Michael Bichard

Total Place

The answer is local - now what's the question?

John Denham’s Making Local the Answer lecture at the RSA on 21 October was a bold attempt to tie together the various strands of government policy relating to local government into a single thread.

For my money, the Secretary of State did a fine job of wrapping a coherent narrative around a series of current initiatives. Whether there is a bit of post-rationalisation at play here, I’ll let you decide.

The main focus was on the potential Total Place offers, in terms of both cash savings and better commissioning and delivery, not least the likelihood of increased investment in upstream work (eg interventions with those at risk of involvement in drugs or crime), to reduce demand downstream.

This was linked to the extension of local authority scrutiny over all local services. Mr Denham is surely right to describe scrutiny as “the lion that has not yet roared”; the scrutiny function was introduced with little, err, scrutiny as a counterweight to increased executive powers, when cabinet-style local government was introduced, so no wonder many authorities struggle to use it effectively.

However, I am less convinced by the way that Mr Denham described the role of members in this brave, new joined-up world: “why not elect councillors who report back to citizens on all local services?” (I paraphrase, as I don’t have the full text). Why not indeed – but isn’t this really about local leadership and place-shaping, rather than being a conduit for voters’ views and questions?

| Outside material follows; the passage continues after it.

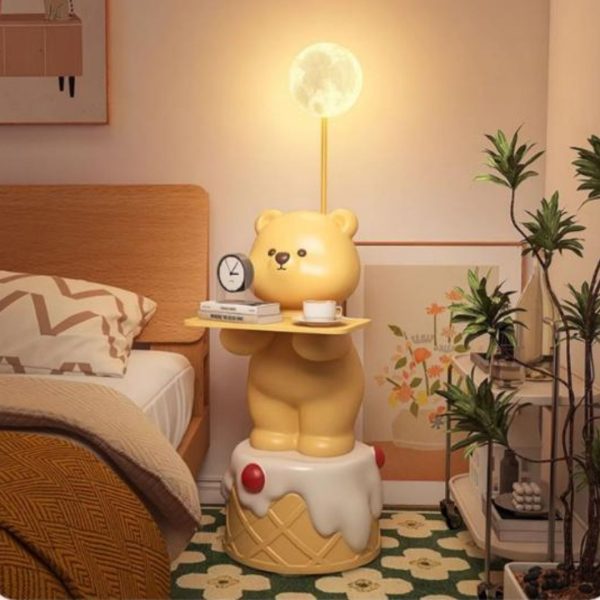 Đèn Sàn Gấu Bánh Kem Hoạt Hình Dễ Thương Tích Hợp Kệ Đựng Đồ Tiện Ích Phòng Khách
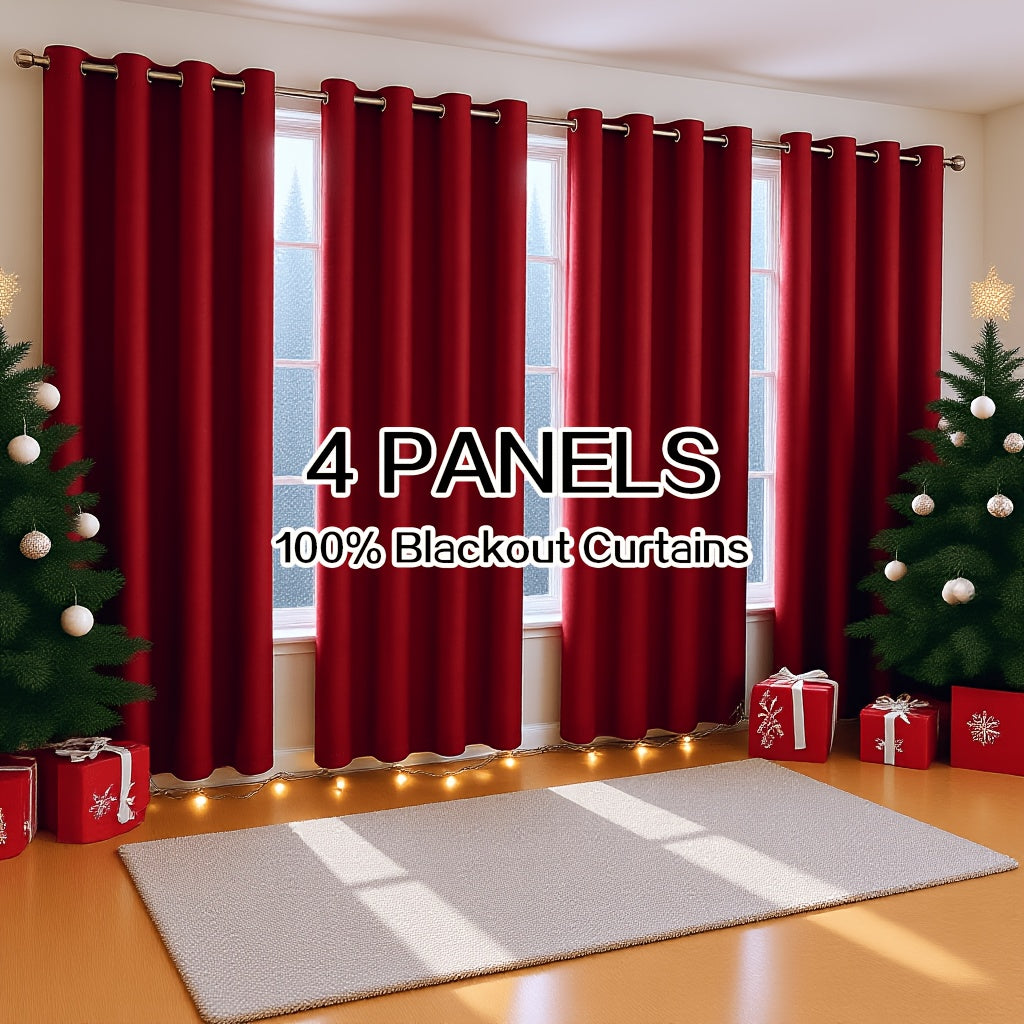 Rod Pocket Blackout Curtains 4 Panels Heavy Duty Coated Lining for Bedroom, Living Room & Office – Modern Room Darkening Thermal Drapes, 2 Sizes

The Secretary of State’s narrative also encompassed moves to develop commissioning for innovation, developing more enterprising roles for authorities (including in relation to carbon and climate) and freeing data. This does, indeed, add up to a lot of movement in the right direction.

However, by also devoting time to attacking the Opposition, the Secretary of State invites scrutiny of his positioning of the Government’s approach as Localist. And I’m afraid it falls short in some respects.

In his response to the lecture, Sir Michael Bichard emphasised the level of support that would be needed in Cabinet to really follow through on all of this, as Whitehall departments inevitably fight to defend their budgets and their silos.

This is a moot point. Certainly, (new) localist positioning in the past has not translated into a willingness by ministers to let go of the strings – to be prepared to not answer a question about local services on the Today programme or at the despatch box. This will need a great deal of personal commitment from this or any other government, and my instinct is that an extremely strong narrative will be needed to generate that commitment.

Is the narrative from this lecture strong enough? I doubt it; it comes from a managerial viewpoint in a tidy world where progress is made by services responding to ‘local circumstances and needs’ but where there is no ‘postcode lottery’.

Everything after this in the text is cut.